The MEMS effort at RFMD includes electrical engineers, physicists, and chemical engineers. “MEMS can be an interesting place to work because it is multidisciplinary,” says Hammond. “You are actuating a machine with currents and voltages, so you have to understand how electronic components or circuits deliver those stimuli. And you have to understand how the stimuli translate into forces and displacements on your machine.”
Hammond says he has found people with physics degrees have the best grasp of fundamentals, a big advantage when it comes to working with MEMS. “When you first build something it often behaves in an unexpected way, and you have to go back into the physics to figure out what’s going on,” he says.
Because MEMS is a multidisciplinary field, engineers use multiphysics tools optimized for MEMS. At RFMD, designers use a package from Coventor Inc., Cary, N.C., known as Architect that includes 3D visualization features. To address the complicated multidomain nature of a MEMS device, Architect employs a lumped-element approach where the behavior of each portion of a machine is simulated using underlying physics-based equations. It is parametric and less computationally intensive than FEA and thus can be faster. RFMD uses the FEA portion of Coventor tools to establish the merit of a given design and also to confirm and verify the lumped-element result.

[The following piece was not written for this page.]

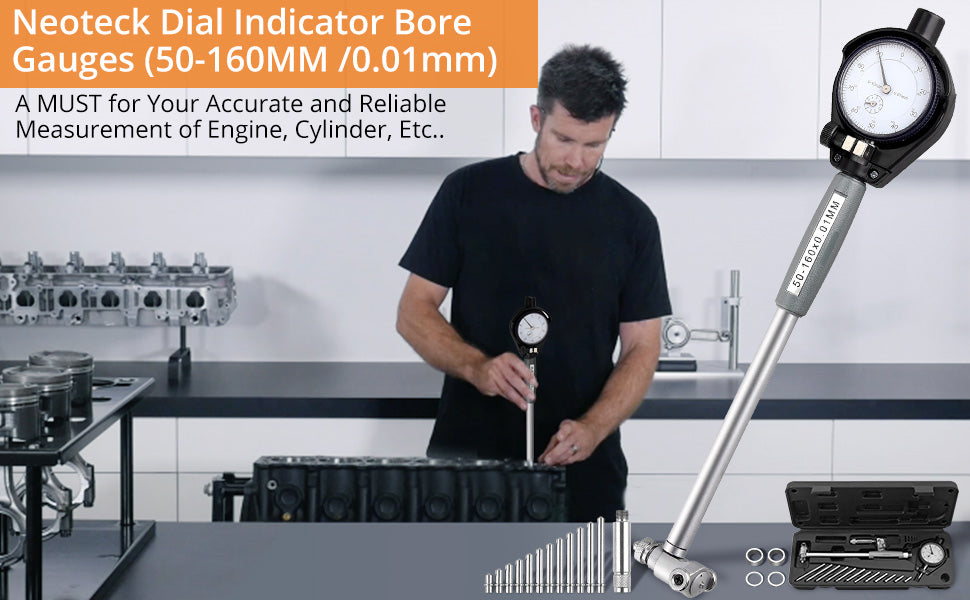 Neoteck Dial Bore Gauge 50-160MM Indicator 0.001MM Dial Bore Gauge Set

The 3D visualization feature is a recent addition to the Coventor lumped-element simulation tool. It’s useful for “seeing how the mechanical elements of our switches relate to each other, how they contact, bounce, and vibrate in the conditions we apply,” says Hammond. “We can then adjust the mechanical design or electrical input from control circuitry to improve performance. Before the 3D visualization package, we had to surgically extract data from Coventor Architect output files a bit like looking at every square inch of a painting through a magnifying glass and then try to put all of the pieces together to see the whole painting,” he says.